Face au présent, défendre la raison
En France, le pacte républicain dans sa version « athénienne » repose sur la raison. Cette dernière constitue le socle de l’action, fonde l’argumentation, rejette dans l’illégitimité ceux qui n’en respectent pas les règles. Elle put même passer pour une déesse castratrice, aux horizons fermés, intolérante et incapable d’accueillir les audaces de la pensée ou les aventures esthétiques. Les Lumières – la Raison en actes – n’avaient pas en effet tout éclairé et la Révolution française qui lui avait ménagé un trône en fit une arme redoutable mise au service de pratiques trahissant ses principes. Il n’en demeure pas moins que les noces de la République et de la raison sont anciennes et les infidélités toujours dénoncées.

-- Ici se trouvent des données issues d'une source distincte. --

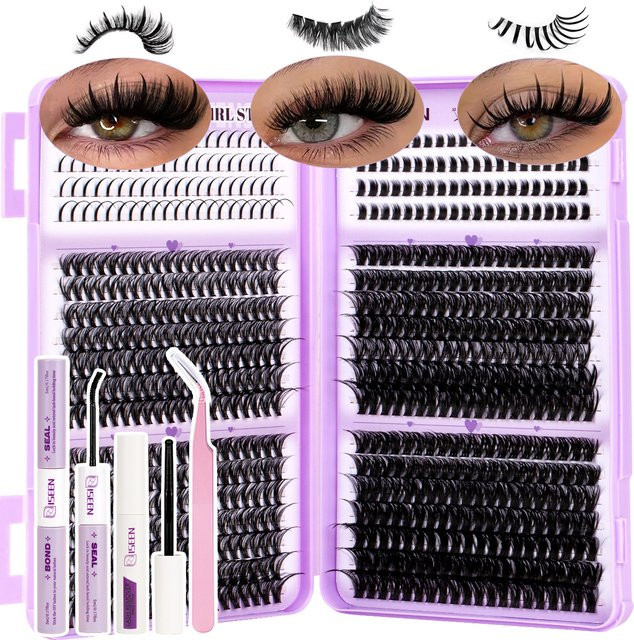 ISEEN DIY Wimpern-Cluster-Set, D-Curl Wispy Wimpernverlängerungen, Unisex - Bild 1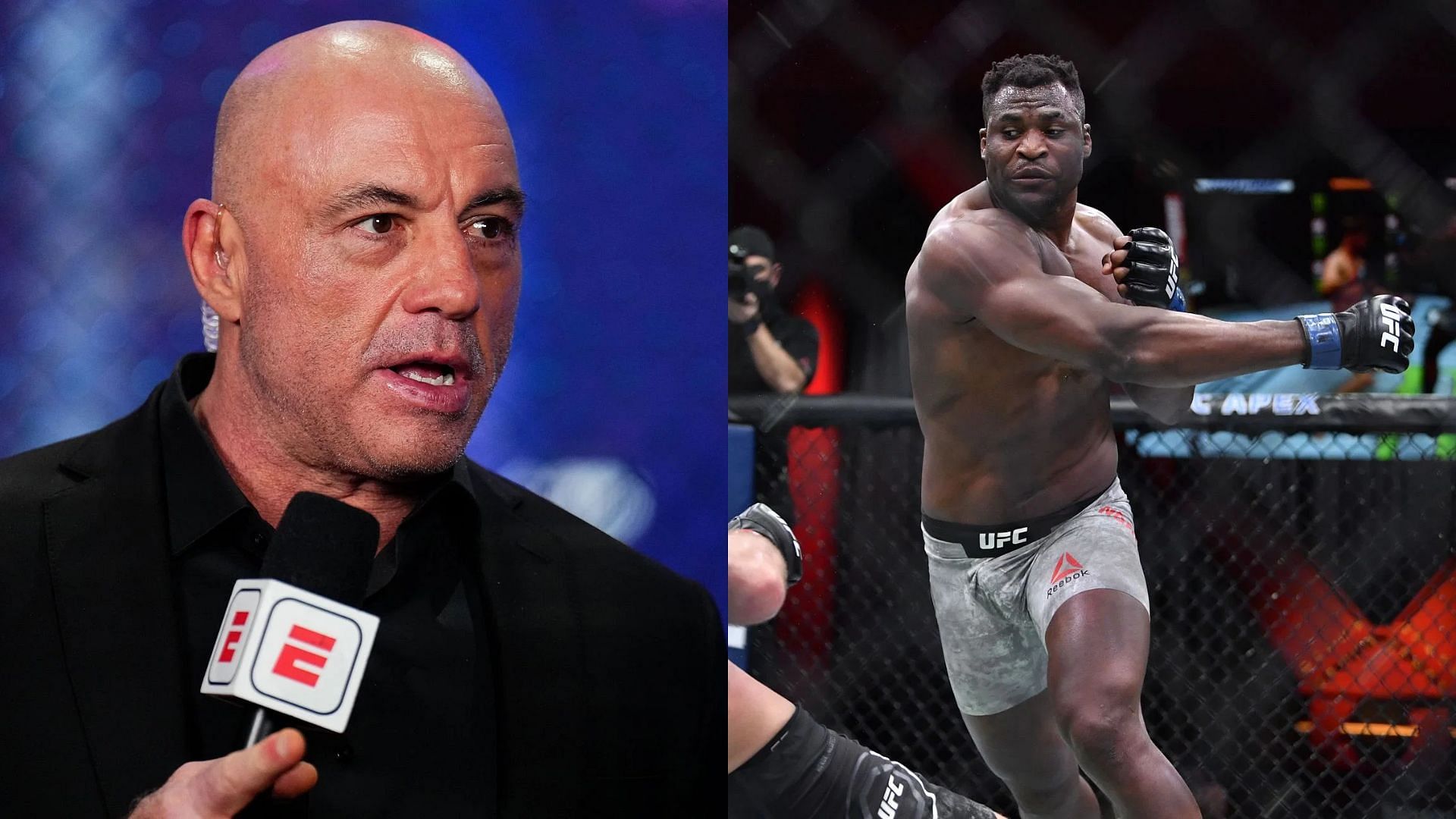 Joe Rogan (left) discusses how it felt watching Francis Ngannou (right) fight at UFC Apex. [Images courtesy: Getty Images]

La Raison fut donc, avec passion, la grande puissance régulatrice des régimes républicains successifs. La IIIe République, qui occupe la place que l’on sait dans toutes les nostalgies républicaines faisant du déclin le moteur de l’histoire, en est la plus parfaite illustration. Contrôleuse des émotions qu’elle juge négatives et menaçantes, accusées d’obscurcir toute lucidité critique, elle en appelle à la retenue, au maintien. Elle se garde des personnalités : « Oui, s’époumonait Gambetta, crions, quand cela convient et quand cela résume, comme dans un mot suprême, toutes nos aspirations, crions Vive la République ! mais, ne crions jamais – du moins autant que nous le pourrons ! – ne crions jamais Vive un homme ! »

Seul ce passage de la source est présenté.